MODULE 3 - CAPITAL ACCOUNT MANAGEMENT IN DEVELOPING COUNTRIES
This module analyses the feasibility, efficiency and effectiveness of capital controls (CC) and, in a broader sense, capital account management (CAM). After introducing the key terms and definitions, it reviews the arguments in favour and against capital control and liberalization, as they were applied in the course of history of international capital mobility and in the respective policies of relevant international organizations. It explains the economic logic of CC/CAM, its theoretical foundations, objectives and instruments, and discusses the relationship between prudential regulation of the financial sector, macroeconomic policies and capital controls. In this context, it also introduces the recent change in the IMF approach towards capital controls. The module concludes by analyzing and comparing national experiences with capital controls using case studies of Chile (country with selective and only temporary price-based controls) and China (country with permanent broad-based administrative controls) while stressing that most other countries have been operating somewhere in between these two approaches.
MODULE 4 - CAPITAL FLOWS TO DEVELOPING COUNTRIES: WHEN ARE THEY GOOD FOR DEVELOPMENT?
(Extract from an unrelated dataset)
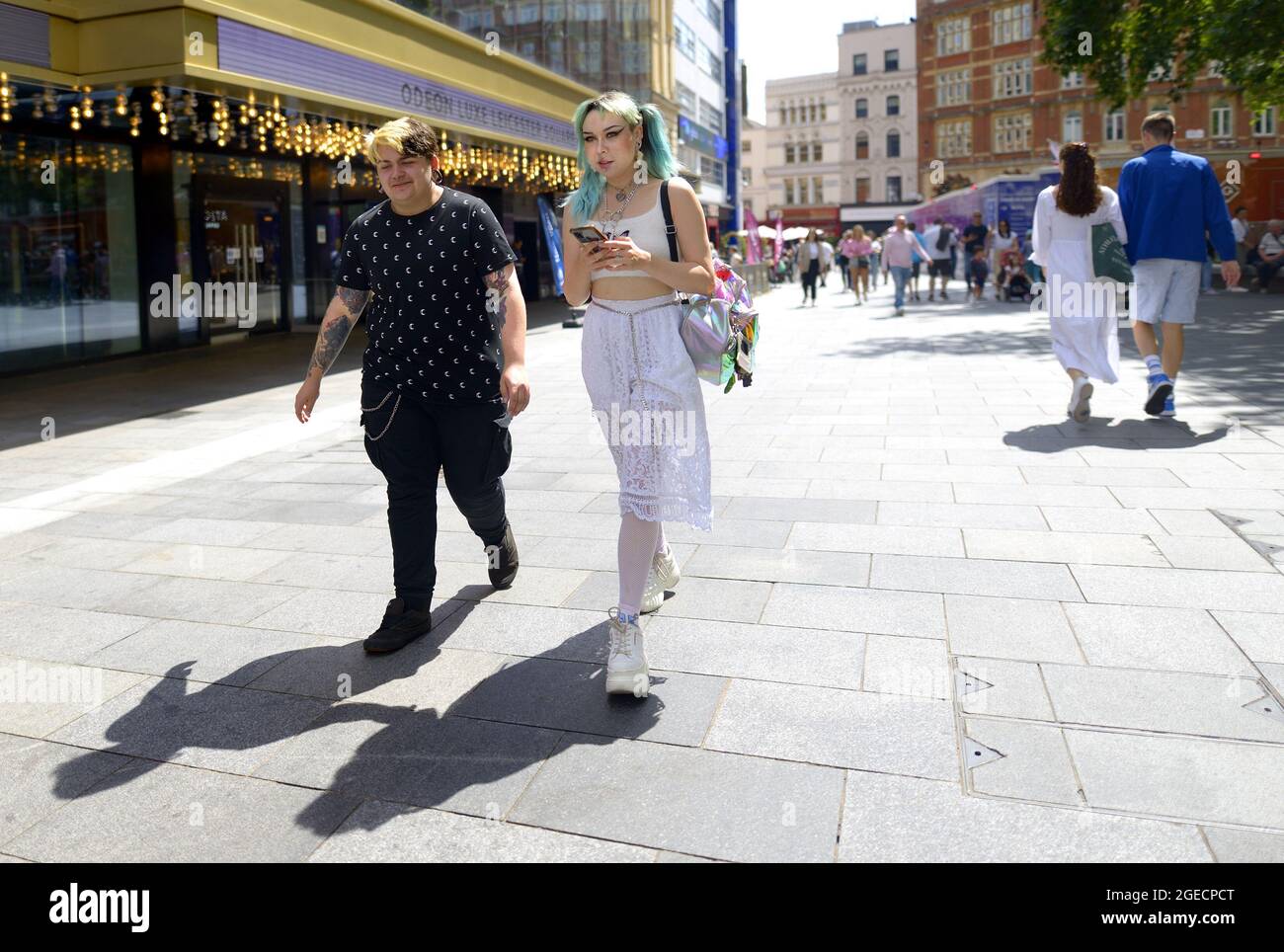 London, England, UK. Young people with distinctive clothes and makeup in Leicester Square Stock Photo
The module starts with a review of the neoclassical model of capital inflows and development. It then looks at the empirical evidence about capital liberalization and capital inflows around the world in the past decades to check whether their proclaimed benefits have materialized or not. It demonstrates that the real world is more complex than the neoclassical model and that a number of its predictions do not materialize. It concludes with tentative explanations of why the empirical evidence is at odds with the theoretical predictions and sketches out a Keynesian alternative to the neoclassical model.